Au total, plus de deux-tiers des 234 personnes, soit 175, quitteront la France pour être relocalisées dans onze pays dont l’Allemagne qui doit en accueillir environ 80, le Luxembourg, la Bulgarie, la Roumanie, la Croatie, la Lituanie, Malte, le Portugal, l’Irlande, la Finlande et la Norvège.

C’est la première fois qu’un bateau ambulance opérant au large de la Libye débarque des rescapés en France, ce qui a généré une crise diplomatique avec l’Italie, qui a refusé de l’accueillir.

L’ire de l’extrême droite française n’est pas retombée samedi.
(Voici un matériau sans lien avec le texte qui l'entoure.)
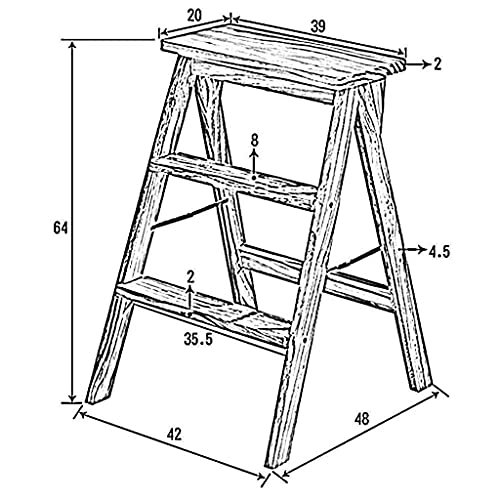 FXLYMR Escaleras Escalera Telescópica Taburetes Escalonados Plegables, Creativo Taburete Escalonado de Madera Iza Cocina Casera Taburete Ascendente Escalera de Madera Plegable Taburete para Sala de E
La figure du Rassemblement national et députée Marine Le Pen a dénoncé un « acte d’incitation » de la part du gouvernement qui pourrait attirer davantage de migrants. 

« Il faut s’attaquer aux passeurs »

« Il faut s’attaquer aux racines, (…) aux passeurs », a-t-elle prôné en marge d’une visite du Salon Made in France à Paris.

A l’opposé, la gauche, comme Jean-Luc Mélenchon, a vanté un « acte d’humanité« . 

Quatre pays méditerranéensde l’Union européenne ont par ailleurs dénoncé samedi le système de gestion des flux de migrants dans l’UE qui fait peser un poids prépondérant sur eux et ont demandé une intervention de la Commission européenne.

L’Italie, la Grèce, Malte et Chypre « en tant que pays de première entrée en Europe (…) se retrouvent à soutenir le poids le plus difficile dans la gestion des flux migratoires en Méditerranée, dans le plein respect des obligation internationales et des règles de l’UE », indique une déclaration conjointe des ministres de ces quatre Etats ainsi que du ministre des Migrations grec publiée à Rome.

Les quatre ministres dénoncent l’idée que « les pays de première entrée puissent être les seuls points de débarquement européens possibles pour les immigrés illégaux » et pointent du doigt les ONG humanitaires dont les « navires privés agissent en totale autonomie par rapport aux autorités d’Etat compétentes ».

Ils exigent que chaque Etat qui accorde son pavillon à un navire humanitaire « exerce effectivement la juridiction et le contrôle » de ce dernier.

Rome, rejetant les critiques de Paris, a plaidé vendredi pour une « solution européenne ». Mais « en fait, il s’agit plus de mettre en œuvre une décision européenne déjà prise », a souligné auprès de l’AFP Virginie Guiraudon, spécialiste des questions de migrations du CNRS, rappelant qu’un mécanisme de « solidarité » européen a été adopté en juin.

Il prévoit qu’une douzaine d’Etats, dont la France, accueillent de manière volontaire 8.000 migrants arrivés dans des pays dits de « première ligne » comme l’Italie, mais à ce jour seuls 117 ont été relocalisés, suscitant la colère de Rome.

Depuis le début de l’année, 1.891 migrants ont disparu en Méditerranée, en tentant de rejoindre l’Europe, selon l’Organisation internationale pour les migrations (OIM).